Saturday was a rare patch of sun in the middle of two weeks of storm. It was wonderful. I did my laundry and opened my windows to the gorgeous breeze. The wind now has a hint of fall in it. It’s just a touch of a chill, but it gives me hope.
I miss the sun. I miss being outside and feeling the wind.
I don’t miss the summer heat.
The fall term began last week on a particularly humid day. The air was so heavy it was difficult to move. I think it was an apt metaphor for the start of my teaching career here. I feel afraid to move. There are so many things I want to accomplish in my time here, however limited that time may or may not be, and yet still I am hampered by fear. Fear of the unknown, fear of failure, fear of being the unknown and unknowable all fill the air in my work life.
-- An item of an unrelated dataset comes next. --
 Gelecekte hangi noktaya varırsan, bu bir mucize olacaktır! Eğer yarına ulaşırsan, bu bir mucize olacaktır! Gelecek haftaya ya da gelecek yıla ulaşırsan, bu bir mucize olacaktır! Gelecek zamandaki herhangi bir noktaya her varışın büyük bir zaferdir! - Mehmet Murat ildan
More than anything I am afraid of my fear. I am afraid to let my fear become so limiting that I get stuck, drowning in the river of my own anxieties.
And yet even in the monotony of rain and dim light, time keeps moving forward. I keep moving forward and learning more and more each day. I think that the only way to combat this fear is to throw myself into making a life here.
Some days, like Saturday, bring lightness and air into my life. The good moments illuminate my life and pull me forward. Nights spent with friends and successful conversations in Japanese bring me such joy that I forget my fear, and the more that I forget my fear the stronger I become.
This weekend I went to the 7/11 to buy some lunch because, after all of my cleaning, I didn’t feel like cooking. When I was leaving, the cute guy who works at the 7/11 smiled at me, and I was caught so off guard that I walked into a table and bruised my leg. While embarrassing, this moment also brings a certain sense of normalcy to my life. Sometimes I am awkward and clumsy, and that hasn’t changed. At that moment I was simply living my life. I may never go back to that 7/11 again, but the experience has grounded me more in my life here.
Even through my fear, I am happy here. There has not been a single moment when I wished that I was not here, doing exactly what I am doing. This experience will be what I make of it, and I am committed to making it a good one.
And besides, Netflix is now available in Japan so how could I not feel at home?